Abstract

Deep learning models have been demonstrated vulnerable to adversarial attacks even with imperceptible perturbations. As such, the reliability of existing deep neural networks-based autonomous driving systems can suffer. However, deep 3D models have applications in various Cyber-Physical Systems (CPSs) with safety-critical requirements, particularly autonomous driving systems. In this paper, the robustness of deep 3D object detection models under adversarial point cloud perturbations has been investigated. A novel method is developed to generate 3D adversarial examples from point cloud perturbations, which are common due to the intrinsic characteristics of the data captured by 3D sensors, e.g., LiDAR. The generation of adversarial samples is supervised by a dual loss, which constitutes an adversarial loss and a perturbation loss. The adversarial loss produces a point cloud with the property of aggressiveness, while the perturbation loss enforces the produced point cloud subject to visual imperception.

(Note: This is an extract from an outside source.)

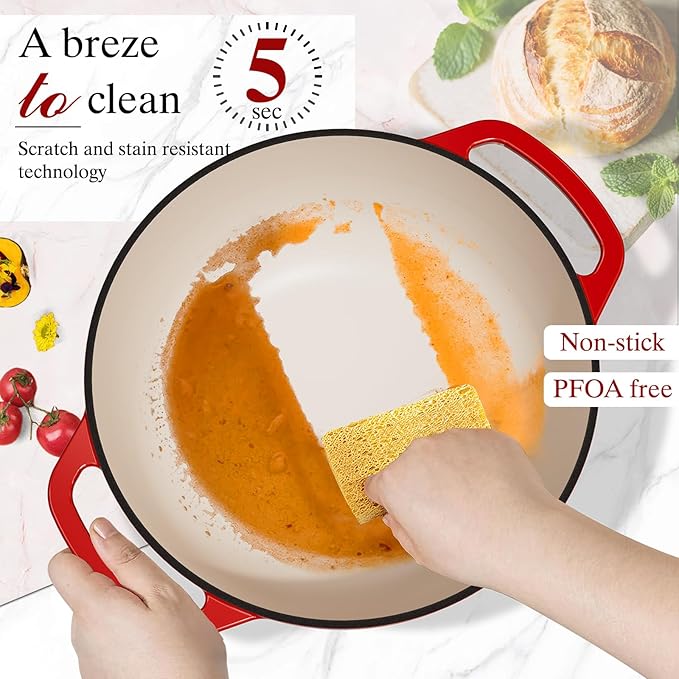 Umite Chef 6QT Enameled Cast Iron Dutch Oven with Lid, Versatile Heavy-Duty Cookware Pot for Baking Bread, Braising, Soups & Stews, Oven & Stovetop Safe with Heat Resistant Gloves(Red)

We demonstrate that the method can successfully attack 3D object detection models in most cases, and expose their vulnerability to physical-world attacks in the form of point cloud perturbations. We perform a thorough evaluation of popular deep 3D object detectors in an adversarial setting on the KITTI vision benchmark. Experimental results show that current deep 3D object detection models are susceptible to adversarial attacks in the context of autonomous driving, and their performances are degraded by a large margin in the presence of adversarial point clouds generated by the proposed method.